Exercise — Every line from the one with "Bulle Bär Chart" to the end of the entries, both included, is to be copied exactly; the other lines stay out.

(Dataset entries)

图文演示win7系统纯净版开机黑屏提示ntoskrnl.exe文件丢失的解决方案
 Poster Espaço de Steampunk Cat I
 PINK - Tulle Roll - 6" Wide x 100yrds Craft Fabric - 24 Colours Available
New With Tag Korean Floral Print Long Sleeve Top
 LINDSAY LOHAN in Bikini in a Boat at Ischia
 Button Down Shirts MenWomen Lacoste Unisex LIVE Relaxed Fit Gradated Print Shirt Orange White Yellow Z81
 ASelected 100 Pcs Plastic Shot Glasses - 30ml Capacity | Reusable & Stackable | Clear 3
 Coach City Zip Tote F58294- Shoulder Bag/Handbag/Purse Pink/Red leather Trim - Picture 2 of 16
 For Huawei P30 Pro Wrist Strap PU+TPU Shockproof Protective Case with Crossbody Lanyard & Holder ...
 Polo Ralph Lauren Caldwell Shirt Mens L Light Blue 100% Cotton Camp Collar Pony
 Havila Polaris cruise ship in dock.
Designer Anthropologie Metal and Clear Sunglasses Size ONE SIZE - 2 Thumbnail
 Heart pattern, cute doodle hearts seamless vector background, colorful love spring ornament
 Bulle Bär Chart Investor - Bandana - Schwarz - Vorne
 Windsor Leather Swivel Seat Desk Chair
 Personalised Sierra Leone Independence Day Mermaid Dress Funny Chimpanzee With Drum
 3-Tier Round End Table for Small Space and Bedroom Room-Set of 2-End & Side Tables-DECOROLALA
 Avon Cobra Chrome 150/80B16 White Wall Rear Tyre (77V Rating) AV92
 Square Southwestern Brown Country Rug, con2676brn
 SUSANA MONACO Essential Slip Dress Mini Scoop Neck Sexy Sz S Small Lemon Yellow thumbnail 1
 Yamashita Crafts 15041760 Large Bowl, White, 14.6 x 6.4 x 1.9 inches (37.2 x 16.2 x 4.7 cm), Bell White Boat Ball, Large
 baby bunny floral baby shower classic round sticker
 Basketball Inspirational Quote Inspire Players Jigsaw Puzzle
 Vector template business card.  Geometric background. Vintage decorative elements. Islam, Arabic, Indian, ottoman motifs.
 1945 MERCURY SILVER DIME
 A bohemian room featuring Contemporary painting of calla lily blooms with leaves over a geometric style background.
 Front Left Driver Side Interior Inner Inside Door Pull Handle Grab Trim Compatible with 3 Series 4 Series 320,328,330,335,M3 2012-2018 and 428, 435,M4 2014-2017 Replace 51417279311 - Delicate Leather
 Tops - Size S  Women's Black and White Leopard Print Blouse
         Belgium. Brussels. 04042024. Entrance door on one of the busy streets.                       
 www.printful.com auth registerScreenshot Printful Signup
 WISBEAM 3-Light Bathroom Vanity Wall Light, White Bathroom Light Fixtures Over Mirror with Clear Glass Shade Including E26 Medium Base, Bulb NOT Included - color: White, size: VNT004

Written reply —
 Bulle Bär Chart Investor - Bandana - Schwarz - Vorne
 Windsor Leather Swivel Seat Desk Chair
 Personalised Sierra Leone Independence Day Mermaid Dress Funny Chimpanzee With Drum
 3-Tier Round End Table for Small Space and Bedroom Room-Set of 2-End & Side Tables-DECOROLALA
 Avon Cobra Chrome 150/80B16 White Wall Rear Tyre (77V Rating) AV92
 Square Southwestern Brown Country Rug, con2676brn
 SUSANA MONACO Essential Slip Dress Mini Scoop Neck Sexy Sz S Small Lemon Yellow thumbnail 1
 Yamashita Crafts 15041760 Large Bowl, White, 14.6 x 6.4 x 1.9 inches (37.2 x 16.2 x 4.7 cm), Bell White Boat Ball, Large
 baby bunny floral baby shower classic round sticker
 Basketball Inspirational Quote Inspire Players Jigsaw Puzzle
 Vector template business card.  Geometric background. Vintage decorative elements. Islam, Arabic, Indian, ottoman motifs.
 1945 MERCURY SILVER DIME
 A bohemian room featuring Contemporary painting of calla lily blooms with leaves over a geometric style background.
 Front Left Driver Side Interior Inner Inside Door Pull Handle Grab Trim Compatible with 3 Series 4 Series 320,328,330,335,M3 2012-2018 and 428, 435,M4 2014-2017 Replace 51417279311 - Delicate Leather
 Tops - Size S  Women's Black and White Leopard Print Blouse
         Belgium. Brussels. 04042024. Entrance door on one of the busy streets.                       
 www.printful.com auth registerScreenshot Printful Signup
 WISBEAM 3-Light Bathroom Vanity Wall Light, White Bathroom Light Fixtures Over Mirror with Clear Glass Shade Including E26 Medium Base, Bulb NOT Included - color: White, size: VNT004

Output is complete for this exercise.